Jason Garms breezed through his presentation on Gov. Mark Dayton’s buffer initiative Wednesday at the Waseca County Farm Forum, and then the discussion took off in earnest.
Garms, Agricultural Program Liaison for the Minnesota Department of Natural Resources and a corn and soybean farmer, explained much of the thinking that went into the buffer initiative, including stakeholder meetings and surveys, but that didn’t stop the flood of questions.
Garms referenced the lack of consistency from one county to another to enforce current buffer requirements of shoreland rules (50-foot requirement) and drainage laws (16.5 feet or one rod). He also made mention of a recent Minnesota Pollution Control Agency study, which cites that nearly 93 percent of the lakes and streams in southwestern Minnesota are unswimmable or unfishable.
“Currently, 64 percent of Minnesota’s watercourses are not subject to buffer requirements,” Garms said.
During the Q&A portion of his discussion, Garms elaborated, saying that right now under current buffer requirements, a waterway could be required to have 50-foot buffers, 16.5-foot buffers or no buffers.
One question on everyone’s minds was how Dayton came up with the number of 50-feet.
“You’re certainly not the first person to ask why 50, why a blanket 50 everywhere,” Garms told the attendee. “Because really if you use engineered specs for your field, there will be some more like 33 and there will be some that’ll be 55. There will be varying widths depending on the situation. Fifty really is more or less the universal number. If you look at the average across most landscapes, 50 tends to be the number, or something like that.
Garms said under the current proposal, there is the option to apply for an alternate practice, which would mean going into an NRCS office and figuring out what the specs are for the that location and setting the buffer based off those specs.
Garms also said the current legislation states that if you are already enrolled in CRP land, it is assumed that the CRP land has already been assessed and buffer requirements have been made.
“So if you have a 33-foot CRP,” Garms said, “you’re good.”
Another common question attendees posed to Garms was who or what motivated Dayton to propose the buffer initiative. Was it a habitat issue? Or was it a clean water issue?
Garms said it has been confusing for those on the outside looking in on the governor’s buffer initiative.
“This isn’t something the governor just suddenly thought was a priority announcement,” Garms said. “He’s been hearing about this for some time. There was just an opportunity at the DNR Round Tables to make an introduction and announces this. So being that it was at the DNR Round Tables that makes it really have that wildlife habitat sort of flavor to it.
Garms said that the pheasant summit, which received a fair amount of press, also sparked the idea that the buffer initiative was about wildlife habitat.

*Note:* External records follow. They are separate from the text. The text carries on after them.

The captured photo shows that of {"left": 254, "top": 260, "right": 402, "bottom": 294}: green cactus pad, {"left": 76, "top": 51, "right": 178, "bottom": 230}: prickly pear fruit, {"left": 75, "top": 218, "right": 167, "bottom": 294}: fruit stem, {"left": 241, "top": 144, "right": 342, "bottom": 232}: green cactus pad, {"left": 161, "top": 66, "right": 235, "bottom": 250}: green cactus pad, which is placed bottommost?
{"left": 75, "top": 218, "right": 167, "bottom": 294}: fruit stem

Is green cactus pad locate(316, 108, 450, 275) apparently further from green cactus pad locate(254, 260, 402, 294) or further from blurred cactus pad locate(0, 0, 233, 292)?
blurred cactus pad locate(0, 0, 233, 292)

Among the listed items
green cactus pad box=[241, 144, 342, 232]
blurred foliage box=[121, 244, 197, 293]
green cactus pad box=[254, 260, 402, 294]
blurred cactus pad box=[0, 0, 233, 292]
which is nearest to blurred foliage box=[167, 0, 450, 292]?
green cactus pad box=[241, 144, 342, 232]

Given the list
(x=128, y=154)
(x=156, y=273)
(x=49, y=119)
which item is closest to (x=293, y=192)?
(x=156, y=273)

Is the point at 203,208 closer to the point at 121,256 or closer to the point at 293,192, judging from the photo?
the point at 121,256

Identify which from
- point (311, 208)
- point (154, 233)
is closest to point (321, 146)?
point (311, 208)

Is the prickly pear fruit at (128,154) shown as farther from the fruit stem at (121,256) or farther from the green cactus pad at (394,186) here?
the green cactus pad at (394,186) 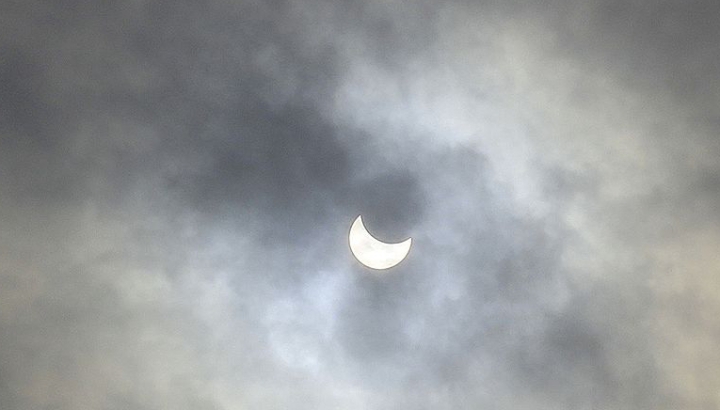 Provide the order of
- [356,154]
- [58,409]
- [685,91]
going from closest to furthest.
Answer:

“I think for those reasons, it was introduced woundingly that this was a best-for-habitat sort of thing,” he said. “My friends and colleagues at Pheasants Forever will be the first to tell you that this should move forward as a separate initiative. This is a water quality initiative, and we fully understand that everything else is going to come along with this initiative. This is a water quality thing, and that’s what Minnesotan’s are asking for.”
Bills available online
“Again, these bills the way they are written represents the governor’s interest and where he was a few months ago. But as most of you realize, when a bill like this is introduced to legislators, it will go through a number of committees and it will go through a number of hearings, this bill is going to be taken apart and put back together again, and your guess is as good as mine as to where it will end. The governor is very serious and interested in seeing this bill be very successful.”
Garms said Dayton is prepared for a less-than-favorable resolve to the buffer legislation.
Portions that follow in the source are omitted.